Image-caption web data
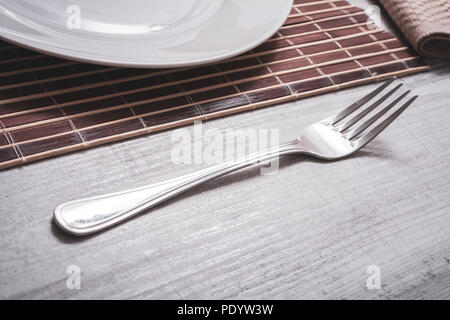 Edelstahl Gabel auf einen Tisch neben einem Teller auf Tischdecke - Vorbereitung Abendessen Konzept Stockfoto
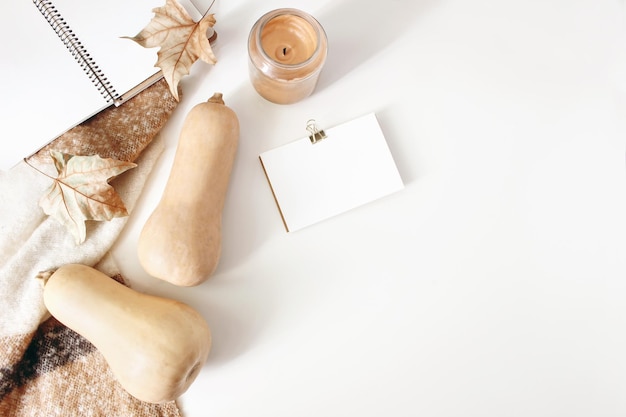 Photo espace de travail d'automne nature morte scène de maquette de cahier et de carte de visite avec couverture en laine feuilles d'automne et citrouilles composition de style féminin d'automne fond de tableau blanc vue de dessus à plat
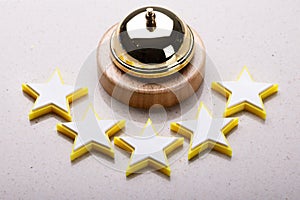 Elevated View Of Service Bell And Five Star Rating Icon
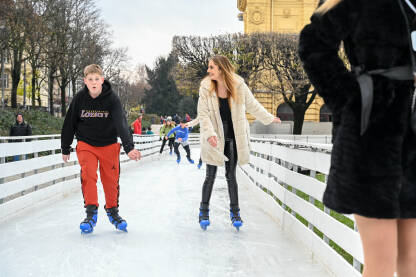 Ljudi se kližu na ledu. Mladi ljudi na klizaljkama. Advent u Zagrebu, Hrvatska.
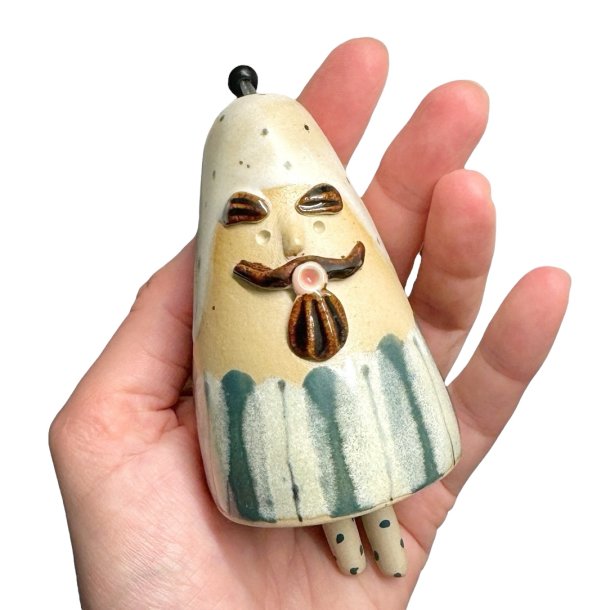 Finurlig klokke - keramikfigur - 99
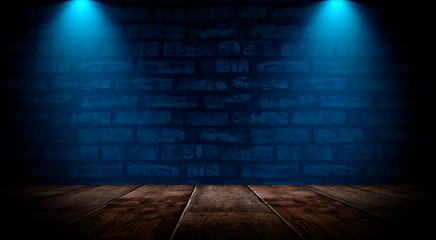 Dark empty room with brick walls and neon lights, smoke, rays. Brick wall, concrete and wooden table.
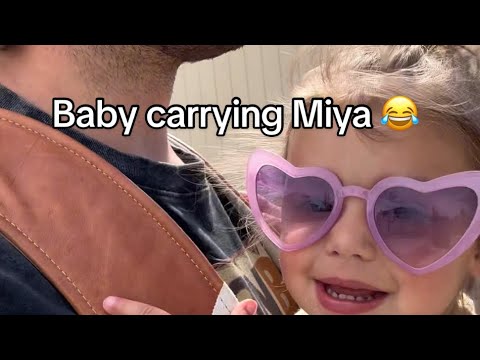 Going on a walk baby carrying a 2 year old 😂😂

* **Work instruction**
Output, exactly and with no pictures, every line from the one that contains "Elevated View Of" through the final line of the entries.

* **Exercise answer**
 Elevated View Of Service Bell And Five Star Rating Icon
 Ljudi se kližu na ledu. Mladi ljudi na klizaljkama. Advent u Zagrebu, Hrvatska.
 Finurlig klokke - keramikfigur - 99
 Dark empty room with brick walls and neon lights, smoke, rays. Brick wall, concrete and wooden table.
 Going on a walk baby carrying a 2 year old 😂😂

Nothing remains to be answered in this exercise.